### Prompt
Set down the line containing "Corner Wall Cabinet (PET Gloss)" and each line after it through the last line of the records, exactly, leaving pictures out.

### Supplied records

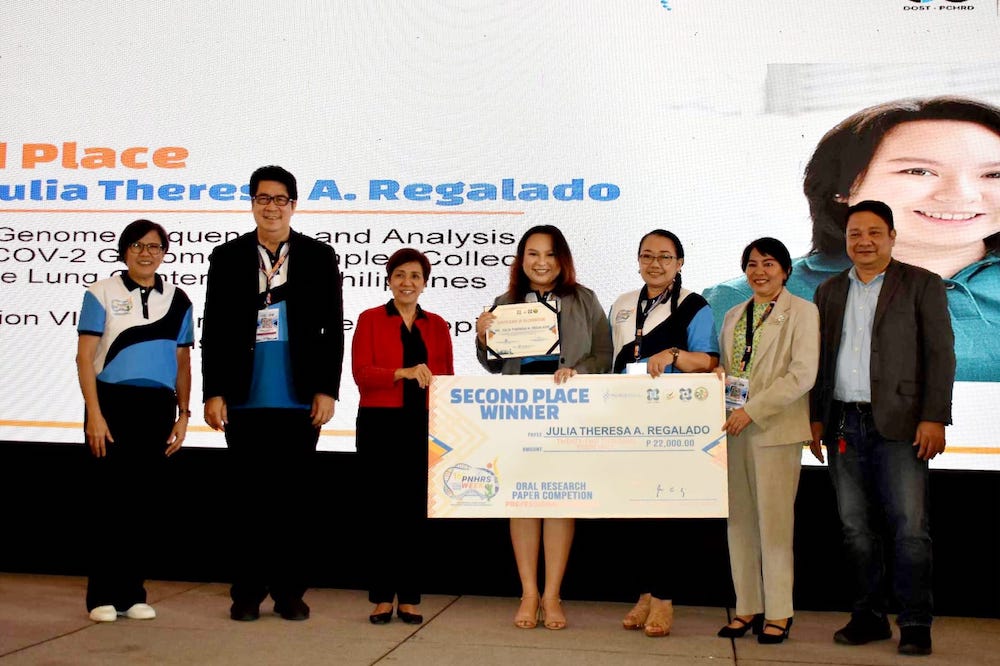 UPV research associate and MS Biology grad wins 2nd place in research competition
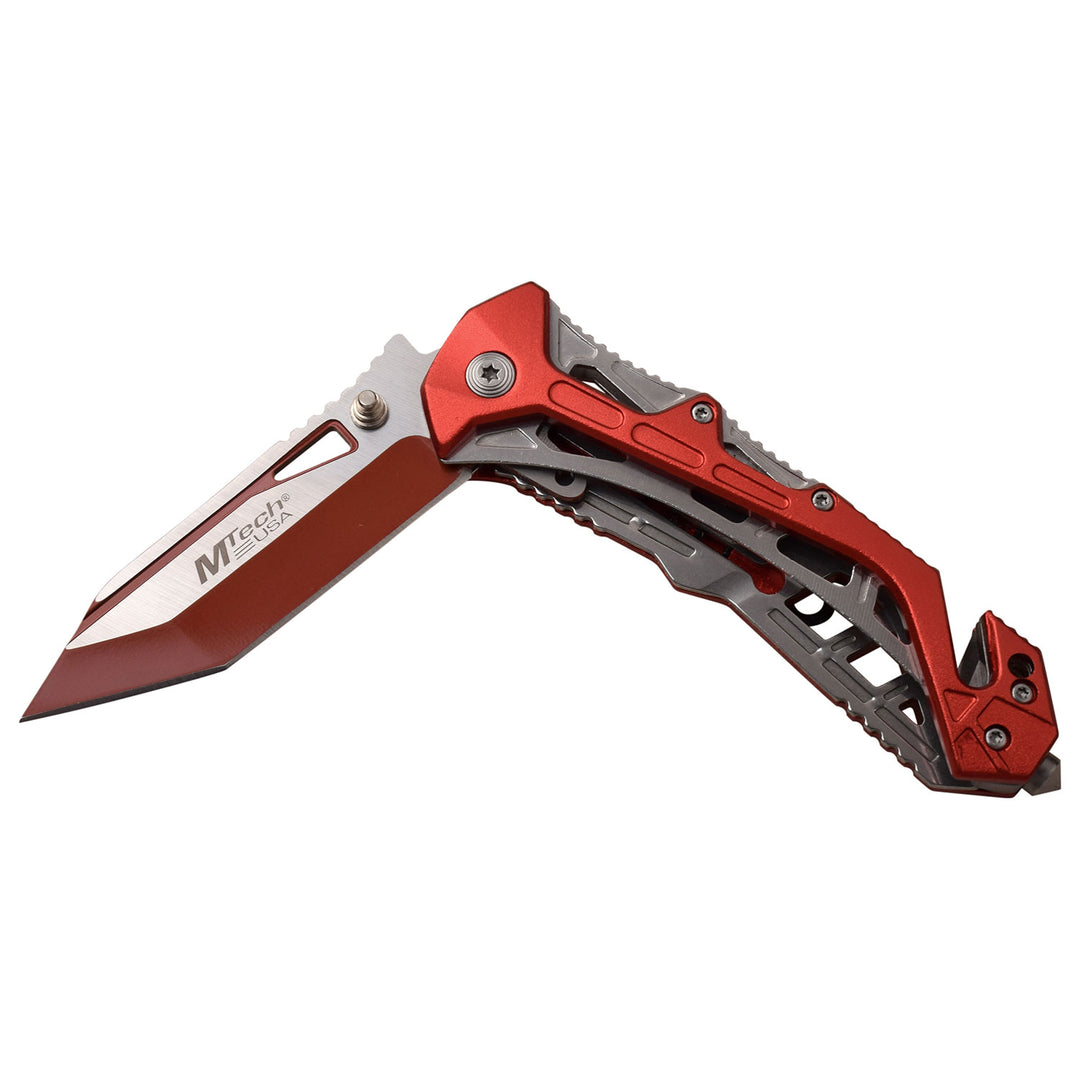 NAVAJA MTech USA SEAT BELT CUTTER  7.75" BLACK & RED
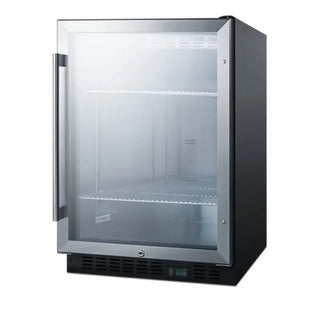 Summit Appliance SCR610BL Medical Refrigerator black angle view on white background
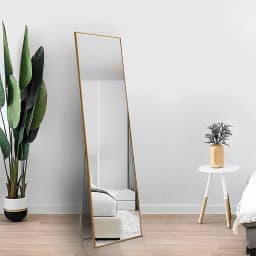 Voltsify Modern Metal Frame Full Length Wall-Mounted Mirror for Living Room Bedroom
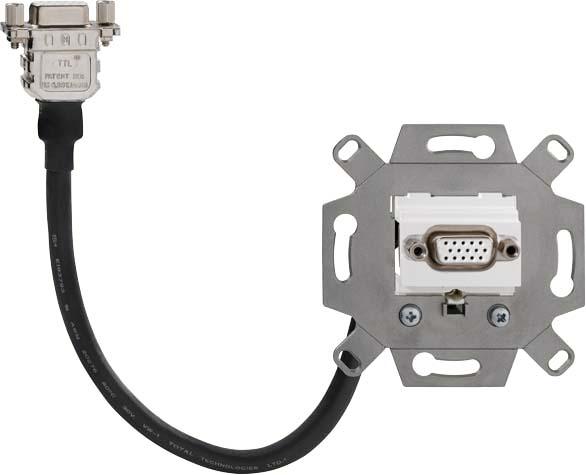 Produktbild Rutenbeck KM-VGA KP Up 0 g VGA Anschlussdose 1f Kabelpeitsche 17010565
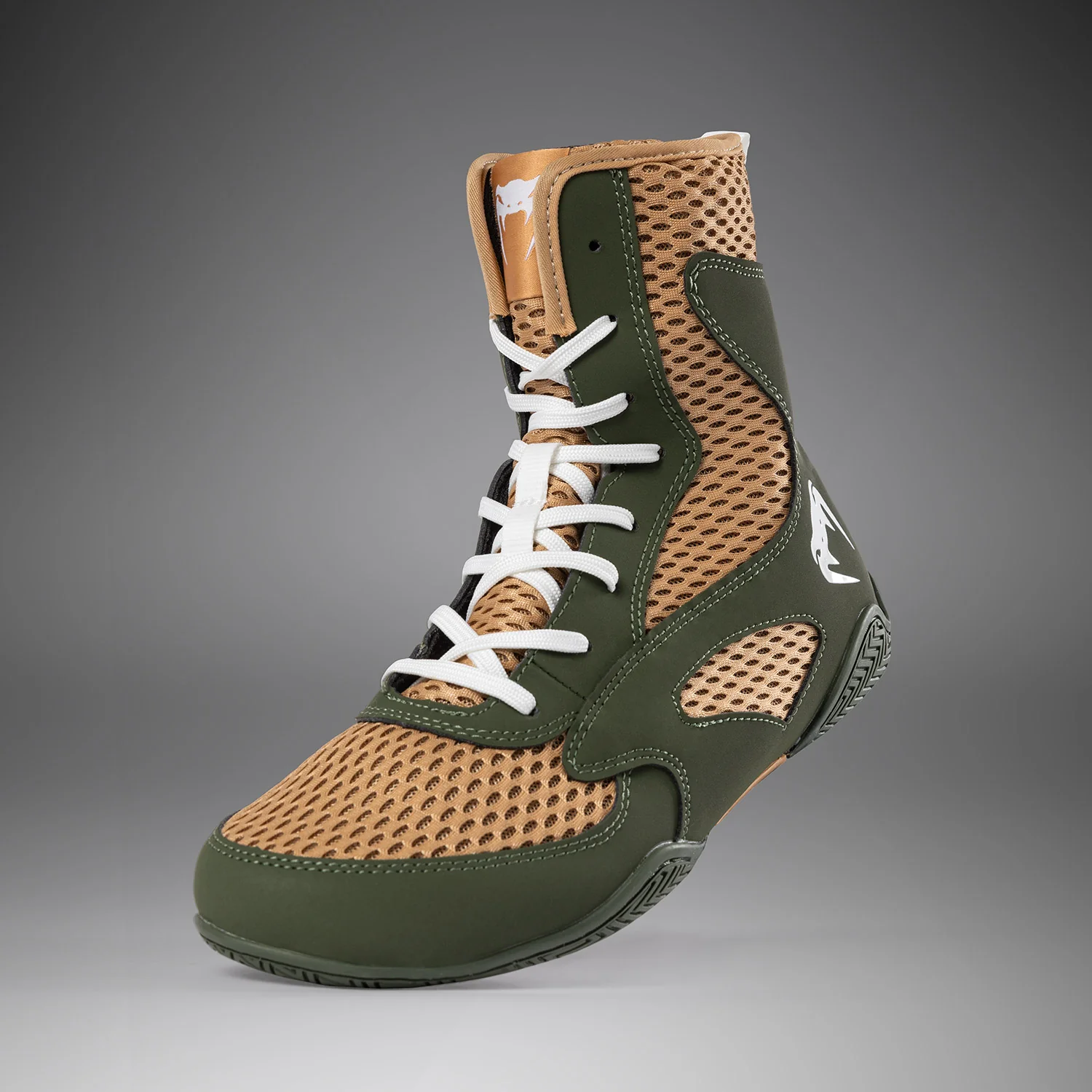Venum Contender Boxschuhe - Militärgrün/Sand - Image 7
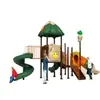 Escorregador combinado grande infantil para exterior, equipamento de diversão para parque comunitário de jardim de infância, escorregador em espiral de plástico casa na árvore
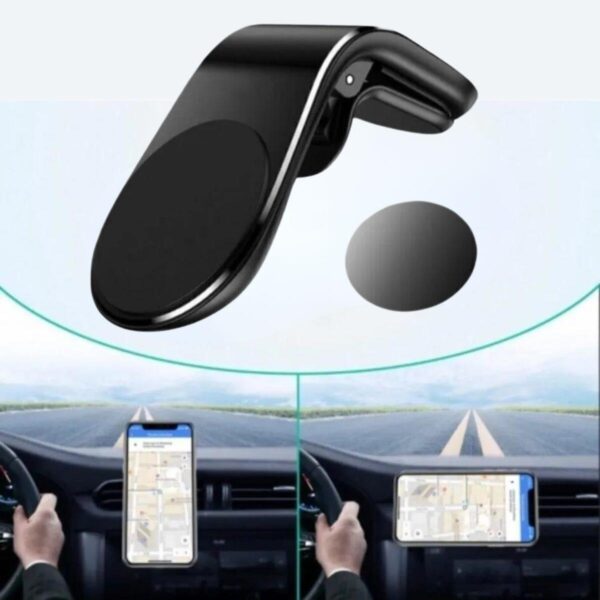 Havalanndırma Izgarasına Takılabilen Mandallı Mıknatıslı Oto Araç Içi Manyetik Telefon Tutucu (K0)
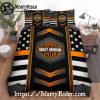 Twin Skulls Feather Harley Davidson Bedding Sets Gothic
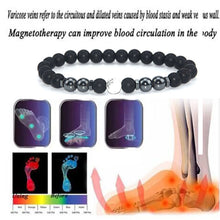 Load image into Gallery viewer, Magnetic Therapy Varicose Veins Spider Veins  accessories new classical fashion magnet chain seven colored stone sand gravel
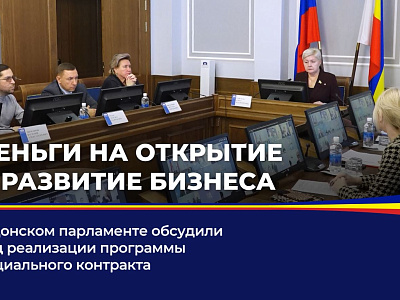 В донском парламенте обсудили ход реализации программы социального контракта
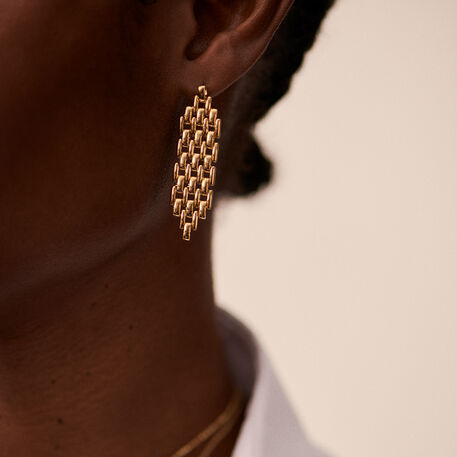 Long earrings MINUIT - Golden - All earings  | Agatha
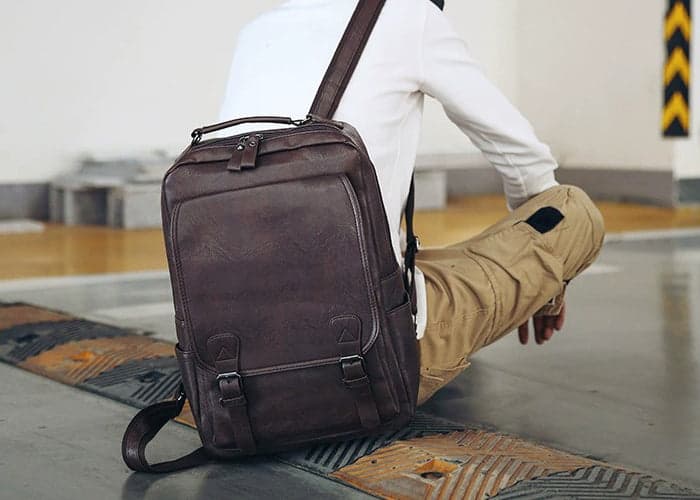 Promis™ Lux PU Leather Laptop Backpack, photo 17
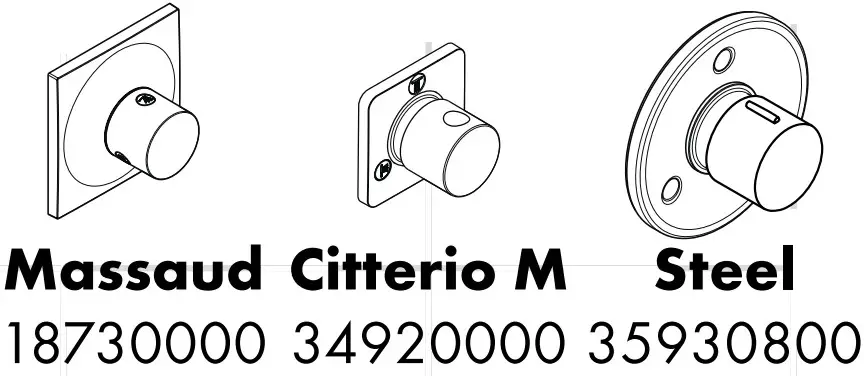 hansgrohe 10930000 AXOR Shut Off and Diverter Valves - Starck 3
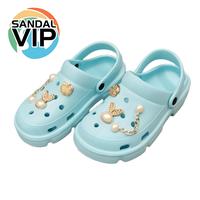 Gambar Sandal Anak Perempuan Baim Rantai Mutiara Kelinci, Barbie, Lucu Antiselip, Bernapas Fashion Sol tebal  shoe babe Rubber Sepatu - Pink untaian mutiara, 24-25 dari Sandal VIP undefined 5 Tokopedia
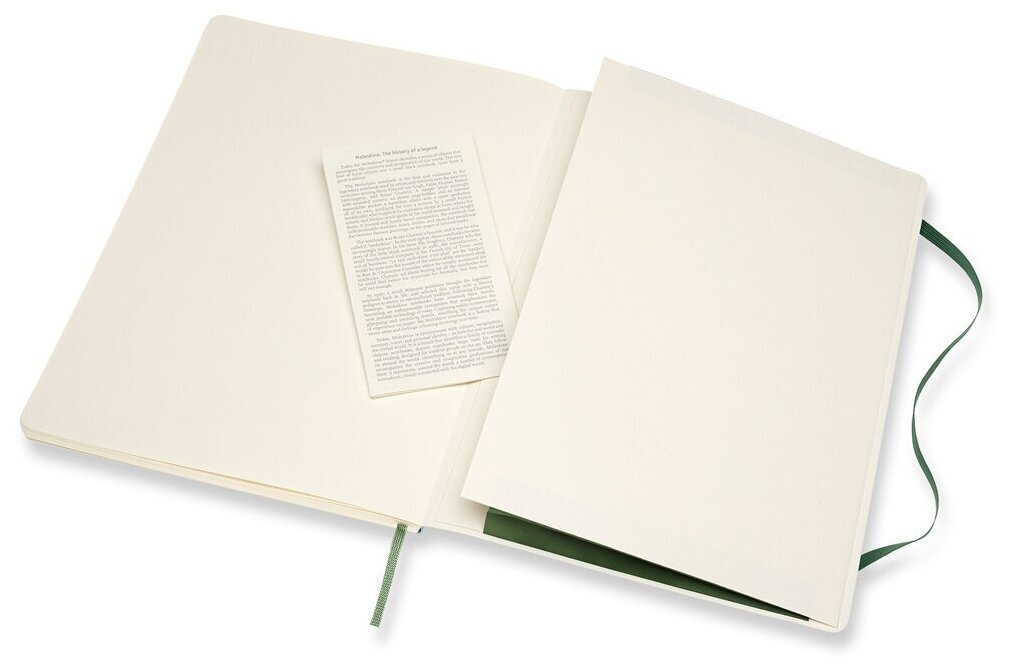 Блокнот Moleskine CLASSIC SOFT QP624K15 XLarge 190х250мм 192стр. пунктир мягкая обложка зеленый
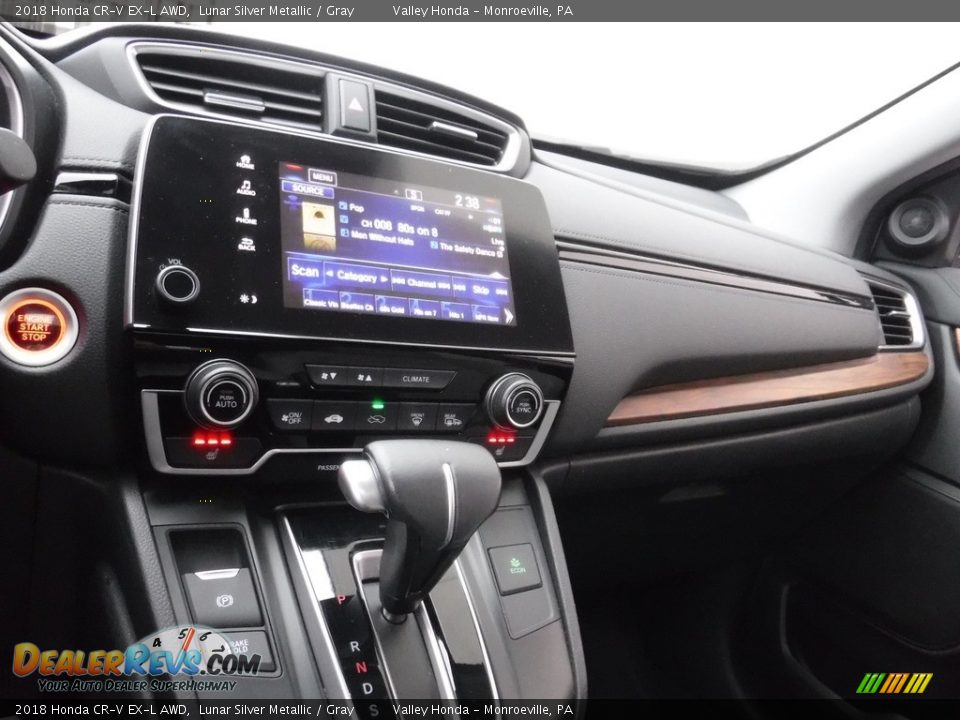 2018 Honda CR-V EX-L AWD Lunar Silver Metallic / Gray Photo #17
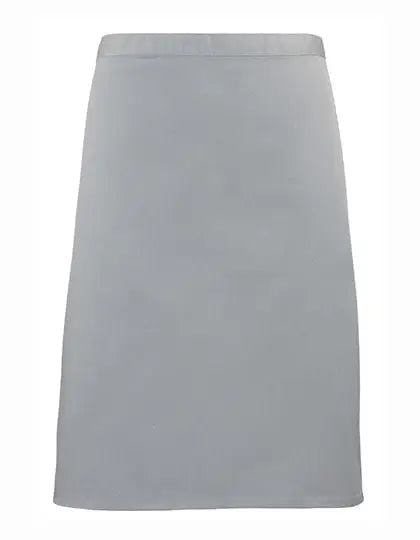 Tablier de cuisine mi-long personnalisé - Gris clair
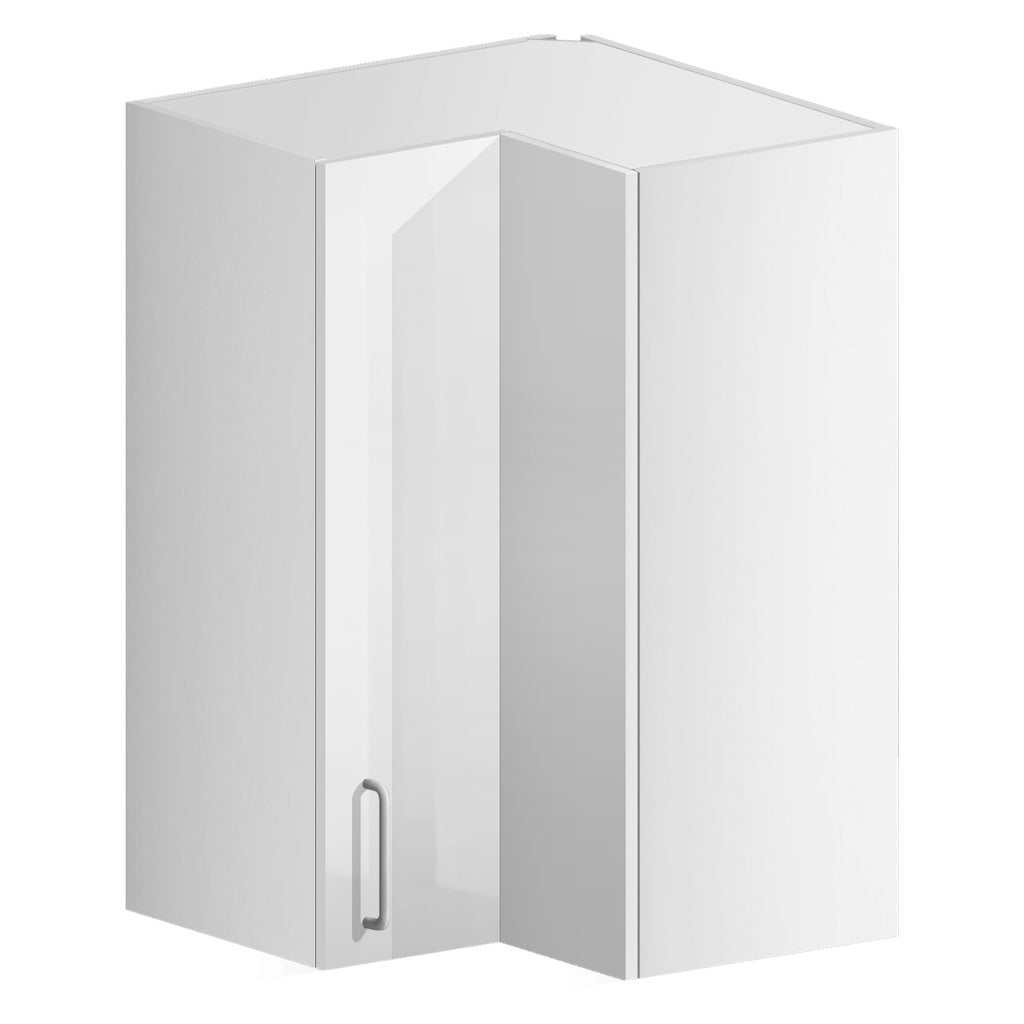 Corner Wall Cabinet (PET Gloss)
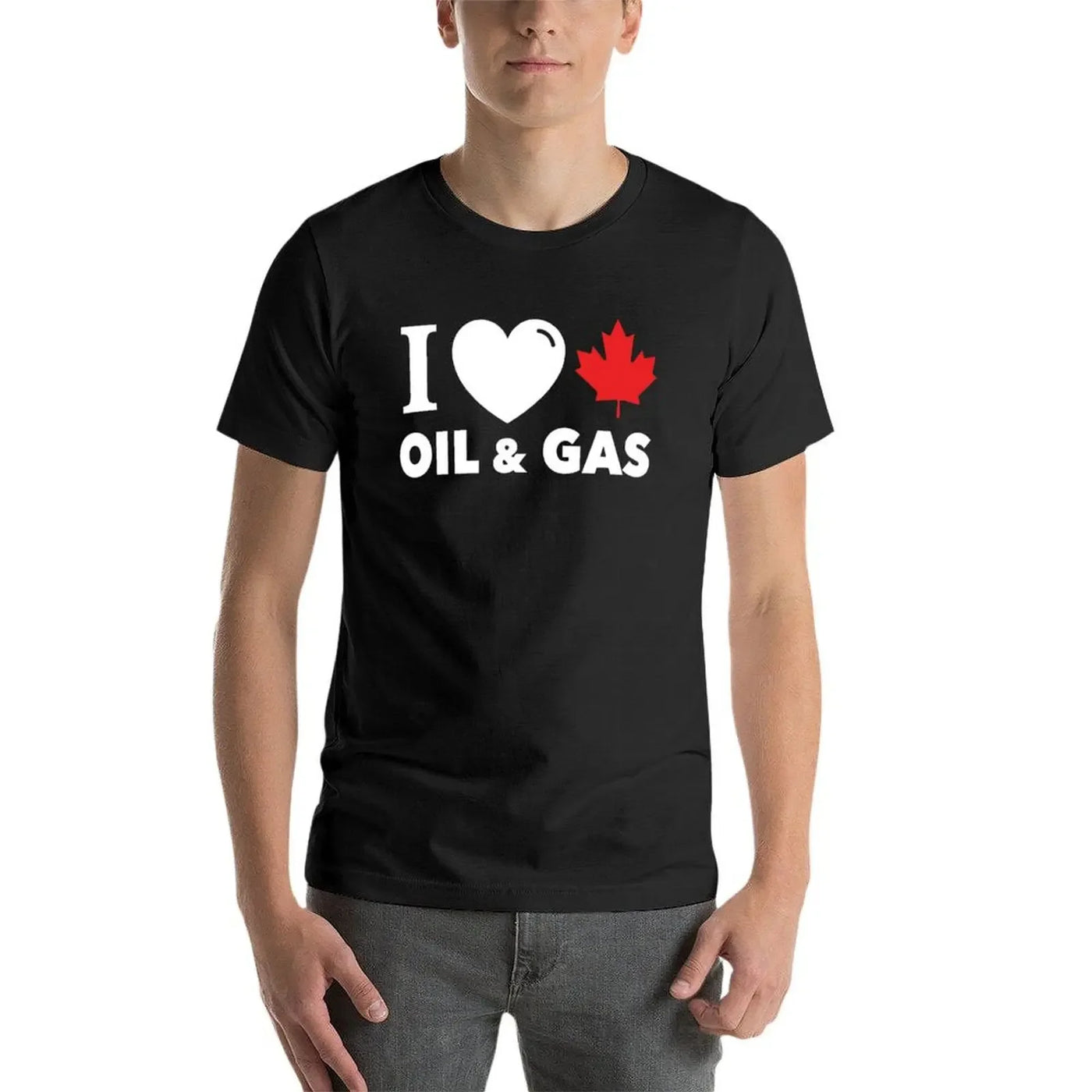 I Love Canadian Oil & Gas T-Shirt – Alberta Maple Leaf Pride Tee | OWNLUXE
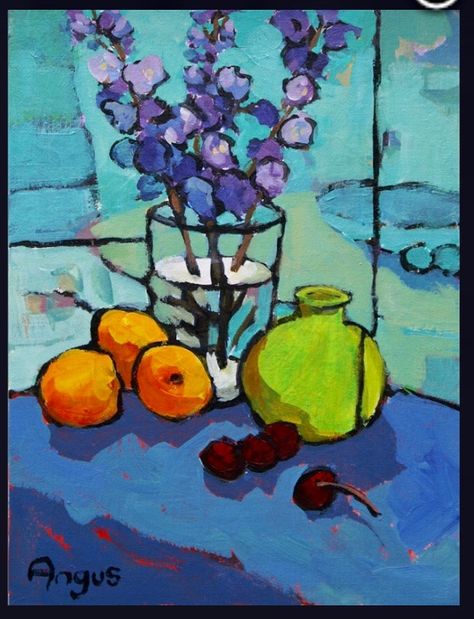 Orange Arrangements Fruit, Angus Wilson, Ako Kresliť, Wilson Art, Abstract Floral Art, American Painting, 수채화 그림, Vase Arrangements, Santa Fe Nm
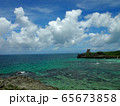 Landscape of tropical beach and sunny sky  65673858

### Your solution
 Corner Wall Cabinet (PET Gloss)
 I Love Canadian Oil & Gas T-Shirt – Alberta Maple Leaf Pride Tee | OWNLUXE
 Orange Arrangements Fruit, Angus Wilson, Ako Kresliť, Wilson Art, Abstract Floral Art, American Painting, 수채화 그림, Vase Arrangements, Santa Fe Nm
 Landscape of tropical beach and sunny sky  65673858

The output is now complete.